**WORK TO BE COMPLETED:** Copy the data that appears below exactly. Drop the pictures.

**TASK MATERIAL:**
----

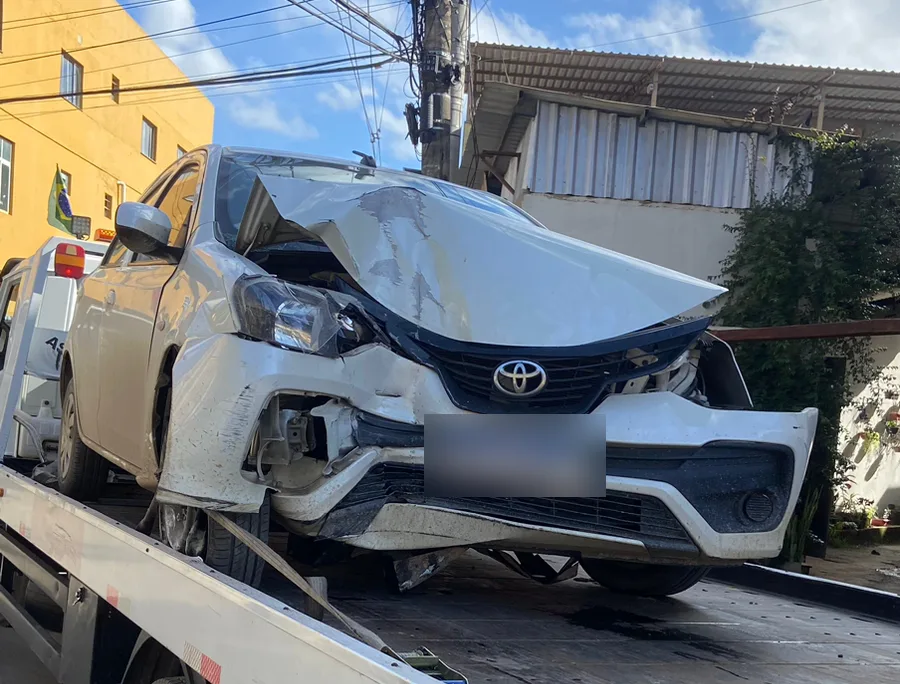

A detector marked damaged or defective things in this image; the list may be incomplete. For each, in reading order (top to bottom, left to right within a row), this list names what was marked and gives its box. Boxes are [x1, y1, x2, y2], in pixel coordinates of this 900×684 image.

broken headlight [232, 276, 352, 356]
wrecked white toyota [59, 147, 820, 596]
crumpled hood [237, 175, 724, 348]
damaged front bumper [158, 334, 820, 564]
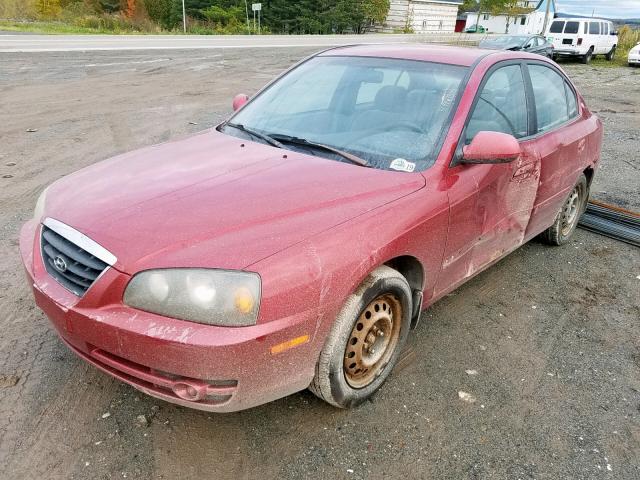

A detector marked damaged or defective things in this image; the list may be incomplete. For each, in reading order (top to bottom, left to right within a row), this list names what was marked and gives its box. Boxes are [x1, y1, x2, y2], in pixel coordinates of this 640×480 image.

dented bumper [20, 221, 318, 412]
rusty wheel [312, 266, 412, 408]
rusty wheel [344, 292, 400, 390]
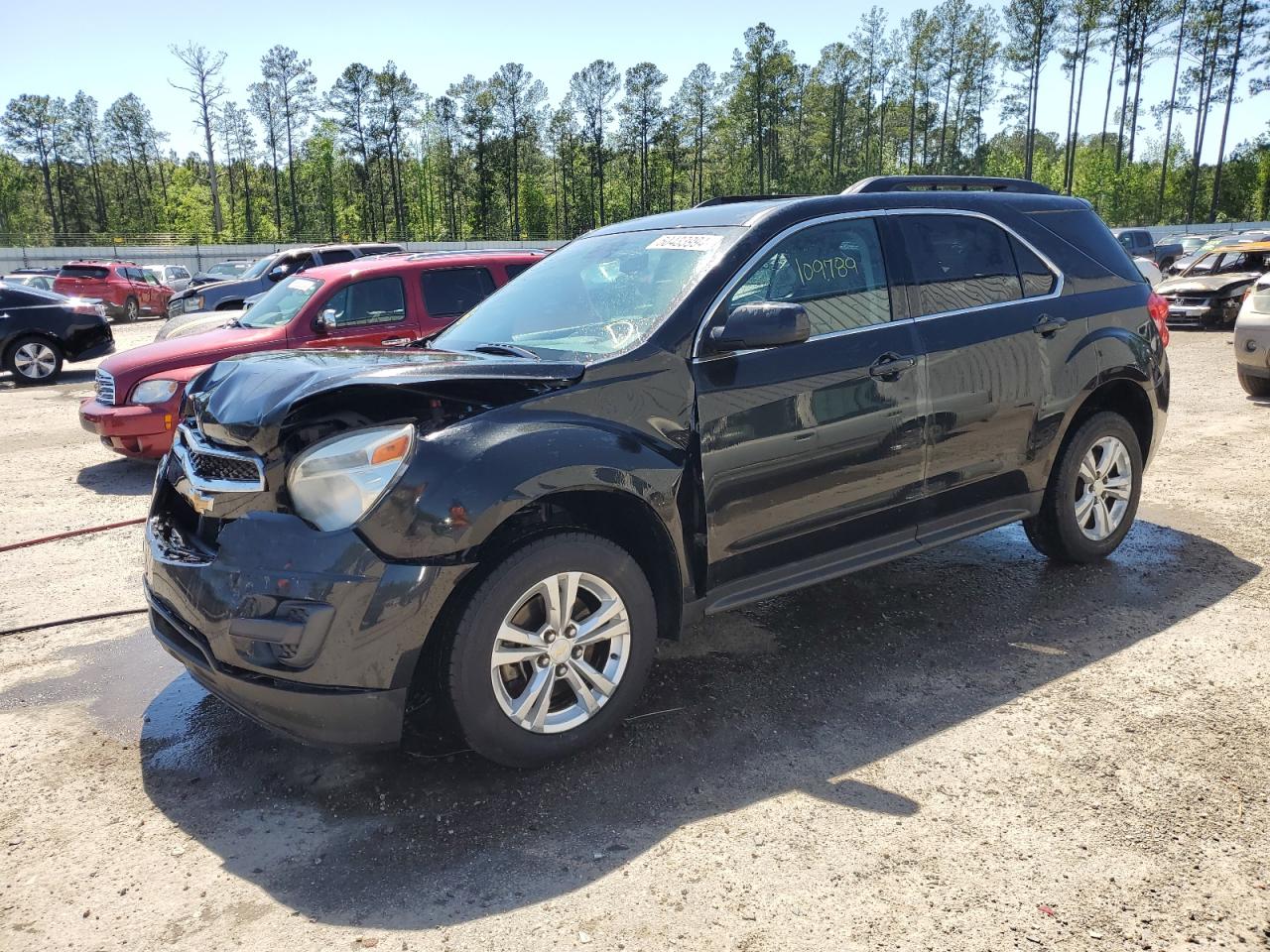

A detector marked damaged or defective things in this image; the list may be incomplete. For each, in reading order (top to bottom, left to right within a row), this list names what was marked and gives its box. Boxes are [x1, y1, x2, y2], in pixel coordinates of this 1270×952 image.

----

**ANSWER BOX:**
A detector marked damaged or defective things in this image; the list may be incomplete. For each, in reading order (top to bottom, left to right within a row), this list names what was marked and gives its box. Boxes are [x1, y1, x2, y2], in pixel coordinates of this 900×684 image.

broken headlight [232, 276, 352, 356]
wrecked white toyota [59, 147, 820, 596]
crumpled hood [237, 175, 724, 348]
damaged front bumper [158, 334, 820, 564]

A detector marked damaged or defective things in this image; the list may be incomplete. For each, in reading order (top to bottom, left to right within a row), this list names what was marked and gives its box. Boxes are [x1, y1, x2, y2], in pixel coordinates of this 640×480 image.

dented bumper [20, 221, 318, 412]
rusty wheel [312, 266, 412, 408]
rusty wheel [344, 292, 400, 390]

A detector marked damaged or defective things in this image; the list may be incomplete. For each, in reading order (top to bottom, left to right within a row), this list names what was marked and gives its box. Boxes are [x1, y1, x2, y2], in pixel coordinates of this 1270×952 image.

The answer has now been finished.